Korman v. Korman 2015 ONCA 578 is an example of the Court of Appeal correcting a trial judge’s mis-reading of evidence and his mis-interpretation of the resulting trust rules under the Family Law Act.

Korman is the case that explains that spouses generally get to share the post-separation value increase in the matrimonial home.

The trial judge Clifford S. Nelson, would have it otherwise. So much so that he ‘read’ the wife’s evidence to say more than it said. Whereas she actually said: ‘we can share equally’

The judge decided that this meant: ‘we can share equally as long as he includes his company shares and if he doesn’t include his company shares I’m not including the matrimonial home.’ (para. 34)

The court of appeal determined that that this ‘inferential gloss’ was an error (para. 35). Nelson J. didn’t even know how to proceed, stepwise, under the Family Law Act. (para. 28)

What Nelson J. was supposed to have done first, was to decide whether the wife has met her onus to prove that the house was a ‘gift’ from the husband. Nelson of course, readily determined ‘gift’. Why? Because husband put the house in her name to avoid creditors.

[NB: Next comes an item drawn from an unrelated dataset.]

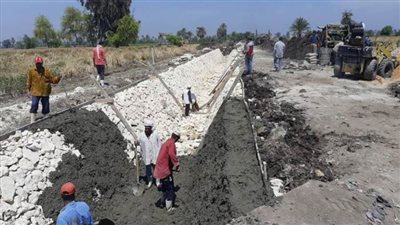 تبطين 249 كيلو بنية تحتية مائية ببني سويف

Just because you put the house in the wife’s name to escape creditors does not mean you are gifting her the house! (para 32).

s.10 of the Family Law Act maintains the husband’s 50% interest in the house despite that he put it in her name to avoid creditors.

Nelson decided it was a gift which meant that the house was hers and he didn’t share in any part of the post-separation value increase.

The Court of Appeal said No! He is deemed to own half-the house unless and until she meets her onus of proving gift. A creditor-avoidance maneuver is not enough to prove gift.